Reading Jim Burns – poet, essayist, reviewer and former editor –one is in excellent company. He is enthusiastic, affable and entertaining. Paris, Painters, Poets is the latest –the eighth –collection of reviews and essays that celebrate often little-known artists, writers and radicals. It is little wonder that his knowledge of the neglected has been described as encyclopaedic and his work as ‘an entertaining homage to bohemia’ (‘Times Literary Supplement’).

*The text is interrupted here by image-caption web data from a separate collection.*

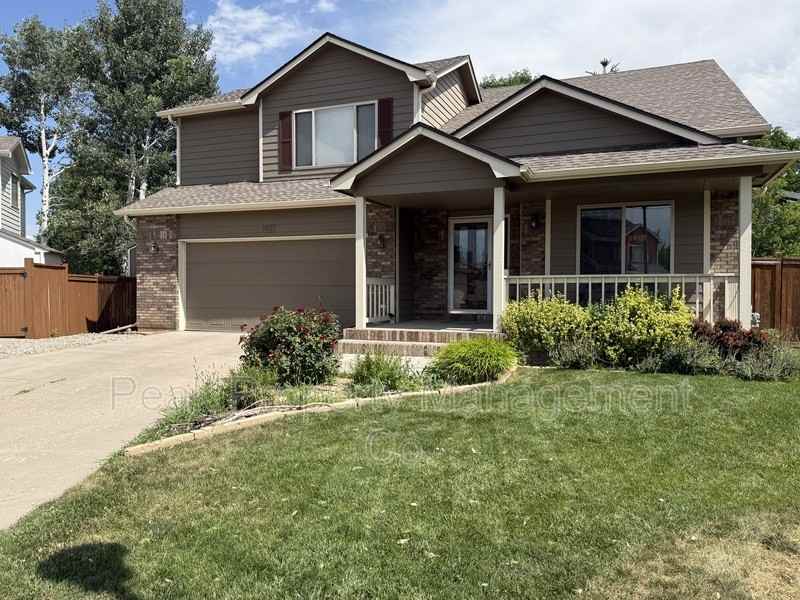 1427 Painted Desert Ct - Photo 2 of 16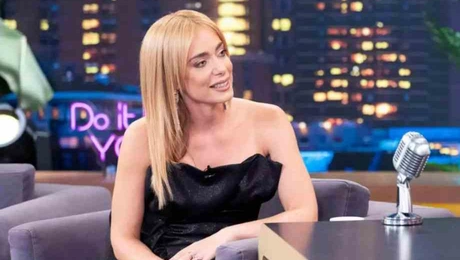 ntani_giannakopoulou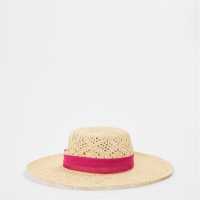 Шапки с козирка Regatta Taura Hat Ld99 Regatta Taura Hat Ld99 Шапки с козирка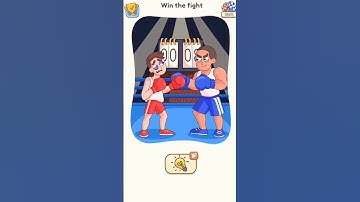 DOP 5 Delete One Part Level 441 #youtubeshorts #shorts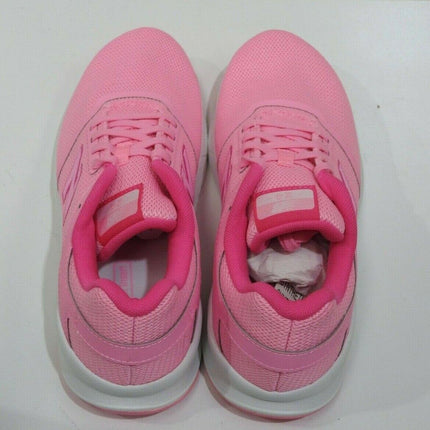 New Balance YS24MR Kids Enfants Shoe, US 5, UK 4.5 - Moyen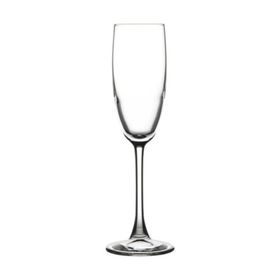 Paşabahçe 44688 Enoteca Flüt Şampanya Bardağı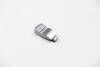 Толкатель клапана Combo 1.2/1.4 i 94-/Astra F/Vectra A 1.4/1.6/1.8/2.0 i BGA RA3995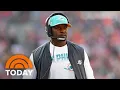 Ex-Dolphins Coach Brian Flores Sues NFL Alleges Racism In Hiring Practices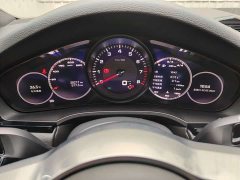 Porsche Cayenne 2019 Cayenne 3.0T - фото 15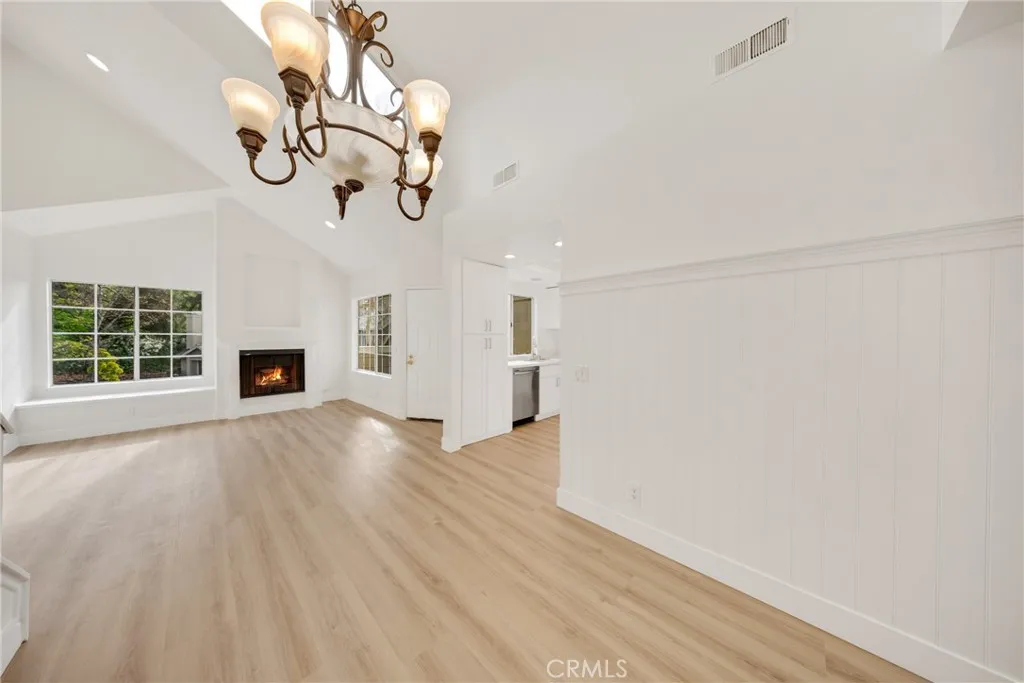21146 Sunny Ridge, Lake Forest, California 92630 home-pic-17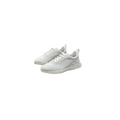 Elvare Club® Sneaker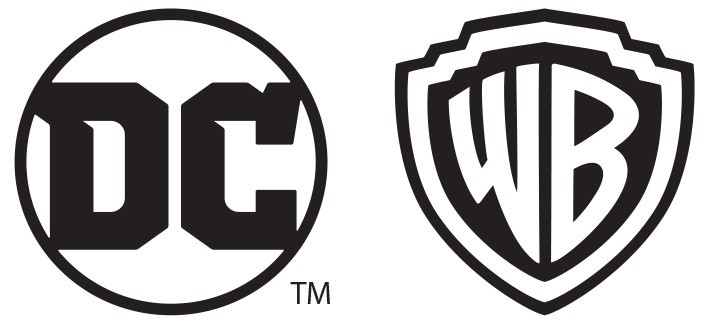 GSUSA_CookiePro-Wb-logos2 GSUSA_CookiePro-Wb-logos2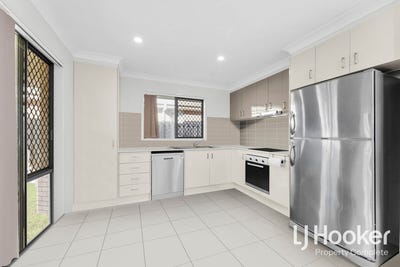 /international/au/18-cambridge-circuit-yarrabilba-qld-148507576/?lang=zh-tw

Paris, Painters, Poets deals thematically with a number of issues, as the title implies: Paris (in history and art), Jewish and British painters, American and English poets, little magazines and American pulp fiction, the Comintern and American labour history, Jazz and McCarthy’s Hollywood exiles. Behind them is Burns’ habitual sympathy for left wing causes, his wariness of authority and a lifelong fascination with outsiders. While observing that ‘The English just don’t have a taste for bohemianism, flamboyancy, and versatility’, he nevertheless follows the trail because, as he writes of the Soho art crowd, for instance, ‘it will be a pity if [the secondary figures] are overlooked or dismissed as of no interest’.

There are many richly informative pieces here, including an essay-review of immigrant artists in Shocking Paris; a fascinating article on a biography of Lola Ridge, the adventurous, radical poet; a history of the bloody strike of North Carolina mill workers (1929); a study of the detective figure; and ‘Invisible Jewish Budapest’.